Concerns mount at Right to Buy extension

Co-operative housing organisations and community land trusts are on high alert in case the government’s newly announced Right to Buy provisions for housing association tenants affect community-led housing...

Co-operative housing organisations and community land trusts are on high alert in case the government’s newly announced Right to Buy provisions for housing association tenants affect community-led housing initiatives.

The community land trust movement in particular is concerned at what could be included in the Conservatives’ as-yet unpublished Housing Bill. Recent years have seen a rapid growth in community land trusts (CLTs) in Britain.

These are democratically controlled grassroots ventures in rural and urban areas which focus on providing affordable housing where the commercial housing market has failed.

Catherine Harrington, director of the National CLT Network, says her organisation will be lobbying hard to ensure CLTs are excluded from any Right to Buy provisions.

“We’re going to be arguing for exemption until we’re blue in the face,” she says.

The central tenet behind the CLT idea is that land and property is held permanently in trust on behalf of the community. But, depending on the exact provisions of the Housing Bill, those CLTs which rent homes at affordable rents to tenants could find themselves losing their properties through Right to Buy applications.

As Ms Harrington points out, such a development could be potentially disastrous to the CLT concept.

If CLTs were to be caught under Right to Buy legislation, those most vulnerable would be the trusts who have chosen to become ‘registered providers’ of social housing, or who have entered into partnership agreements with an existing registered provider such as a housing association.

These are the two alternative routes typically followed by CLTs who want to access grant funding for new developments through the Affordable Homes Programme run by the government’s Homes and Communities Agency.

A further anxiety is that local authorities – which have, in a number of cases, passed development land to CLTs for affordable housing at below market value – may adopt a more unbending approach. Local authorities, already bearing the brunt of public sector funding cuts, are intended by the government to be the agents who will refund housing associations for losses incurred through Right to Buy.

“As always, the devil will be in the detail. We won’t know until a draft bill is published how the government intends to implement Right to Buy,” says David Rodgers, chief executive until his recent retirement of CDS Co-operatives, former president of Co-operative Housing International and now an elected member of Labour’s housing executive committee.

He says the government would be foolish to try to extend the provisions more widely than housing associations – but adds: “I’m surprised they’re foolish enough to do this anyway. It’s just a nonsensical policy.”

Before a new Housing Act is passed, the details will be subject to scrutiny in the Commons and the Lords, offering an opportunity for organisations such as the National CLT Network to undertake detailed lobbying work.

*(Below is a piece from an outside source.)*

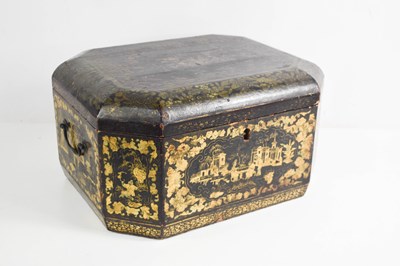 Lot 113 - A 19th century Chinese black lacquered box,...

Margaret Thatcher’s Housing Act 1980 included a number of exemptions from the first Right to Buy provisions, which included some types of rented housing (including almshouses and council houses in national parks and scheduled rural areas). The expectation is that the new legislation will also include certain exemptions which could potentially assist those CLTs operating in villages and small rural towns.

Another possible lever to be used in the lobbying work is that many CLTs are in rural, Tory-held seats. “Local Tory MPs won’t necessarily want to be against their CLT,” says Nic Bliss, chair of the Confederation of Co-operative Housing (CCH).

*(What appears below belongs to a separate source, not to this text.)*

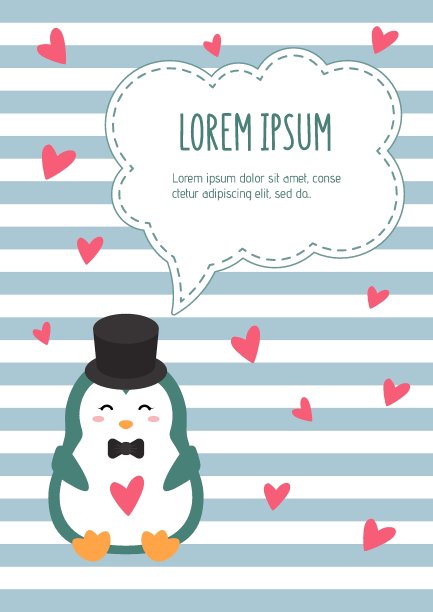 矢量模板笔记本，规划者。封面上有只戴着帽子的可爱企鹅图片下载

His organisation is also closely watching developments in David Cameron’s scheme and is preparing to engage in active lobbying.

Nevertheless, housing co-operatives (or at least fully mutual housing co-operatives, those where co-op membership is a condition of tenancy) are arguably likely to be less at risk. Fully mutual co-ops are already exempt from Right to Buy and the separate Right to Acquire provisions for housing associations, not least because shared membership of a co-op can be already construed as a form of home ownership.

One concern raised by Catherine Harrington is that the government seems determined to bring in the new legislation very quickly. The Right to Buy pledge was pushed by Mr Cameron at the first Prime Minister’s Questions of the new Parliament, and Ms Harrington says the Government has indicated a desire to bring in the Housing Bill in its first hundred days. Her organisation met in early June with other community-led housing organisations, including the Confederation of Co-operative Housing, to discuss joint work.

But a new Housing Act could also offer opportunities.

Community land trusts are already subject to statutory definition (in the Housing and Regeneration Act 2008), but the wider community-led housing movement has not, as yet, been formally defined in legislation.

Ms Harrington says the new Act could be a good opportunity to rectify this. Provisions to exempt CLTs and similar community-led housing ventures from leasehold enfranchisement requirements could also help meet a long-running concern of the movement.

And ironically, assuming that fully mutual co-operatives remain exempt from Right to Buy provisions, it is conceivable that the new legislation could actually encourage a new upsurge of interest in the co-operative housing solution, as an alternative to traditional housing association models.

At the moment, however, the focus is firmly on the risks posed by Right to Buy – and the legal advice to support the lobbying work is already being sought.